> [Exercise aim]:
In the listing below, a line holding "Solseng Hvid Sølv" and a line holding "Vintage Frog Under‎" mark the range. Retype both exactly, with all lines between them.

> [Exercise materials]:
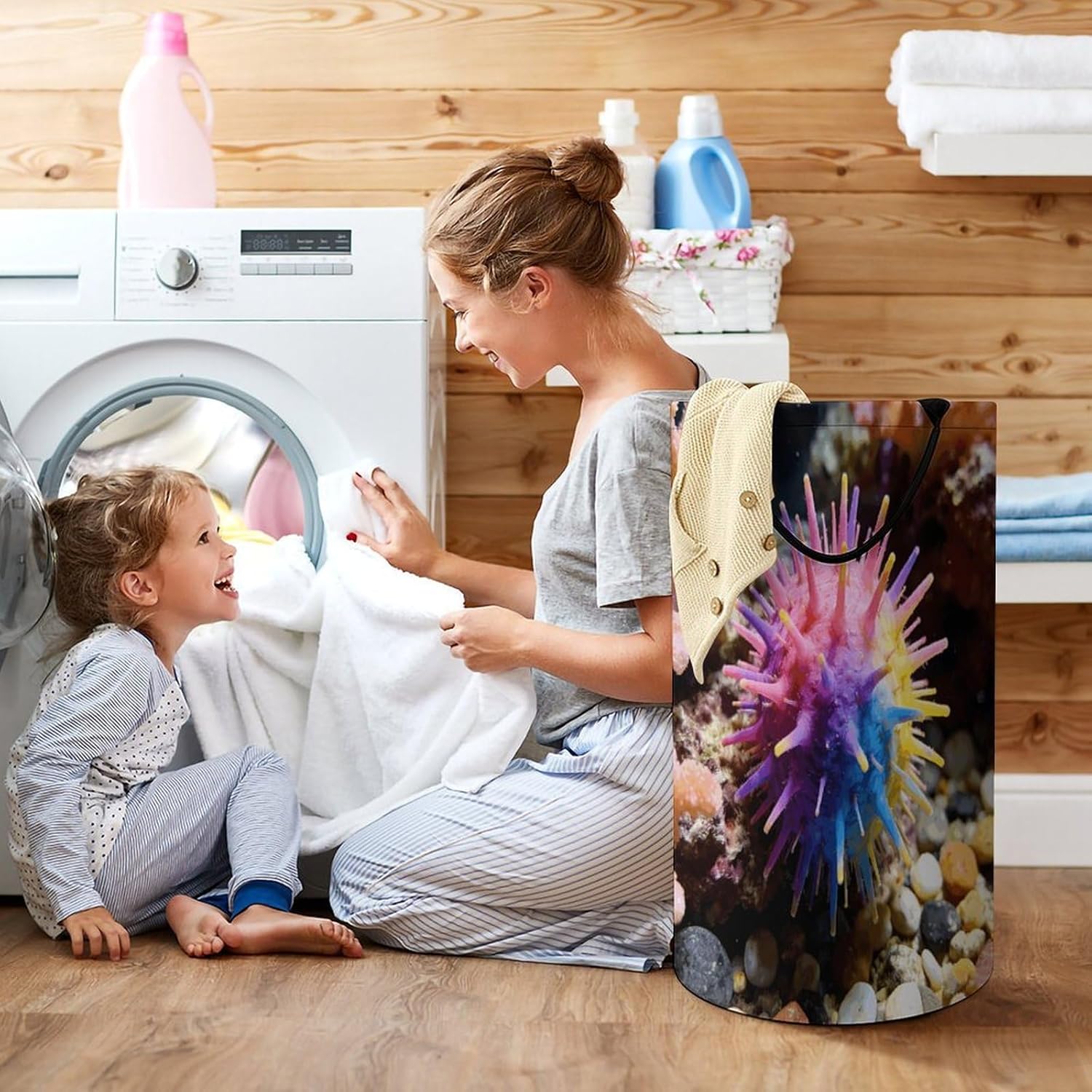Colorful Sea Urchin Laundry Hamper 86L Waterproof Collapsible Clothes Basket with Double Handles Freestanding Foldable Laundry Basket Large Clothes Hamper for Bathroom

==

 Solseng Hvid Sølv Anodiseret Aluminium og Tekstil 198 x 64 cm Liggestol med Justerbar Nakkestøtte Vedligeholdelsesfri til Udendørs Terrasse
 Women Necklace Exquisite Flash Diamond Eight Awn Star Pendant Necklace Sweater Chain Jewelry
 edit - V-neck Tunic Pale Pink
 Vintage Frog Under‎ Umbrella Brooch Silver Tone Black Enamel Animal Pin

...

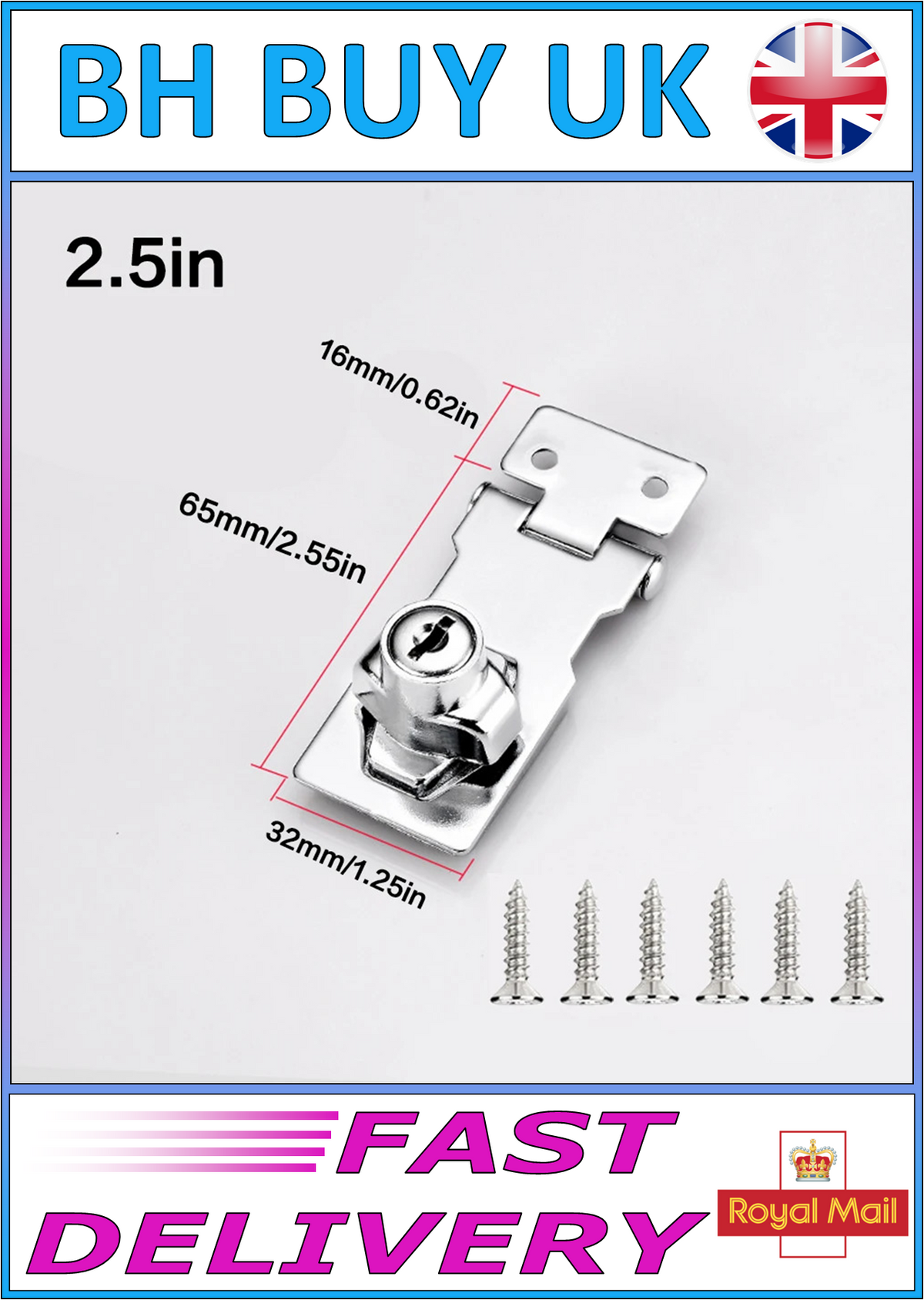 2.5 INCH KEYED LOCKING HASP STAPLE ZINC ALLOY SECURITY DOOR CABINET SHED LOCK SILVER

> [Solution for this exercise]:
 Solseng Hvid Sølv Anodiseret Aluminium og Tekstil 198 x 64 cm Liggestol med Justerbar Nakkestøtte Vedligeholdelsesfri til Udendørs Terrasse
 Women Necklace Exquisite Flash Diamond Eight Awn Star Pendant Necklace Sweater Chain Jewelry
 edit - V-neck Tunic Pale Pink
 Vintage Frog Under‎ Umbrella Brooch Silver Tone Black Enamel Animal Pin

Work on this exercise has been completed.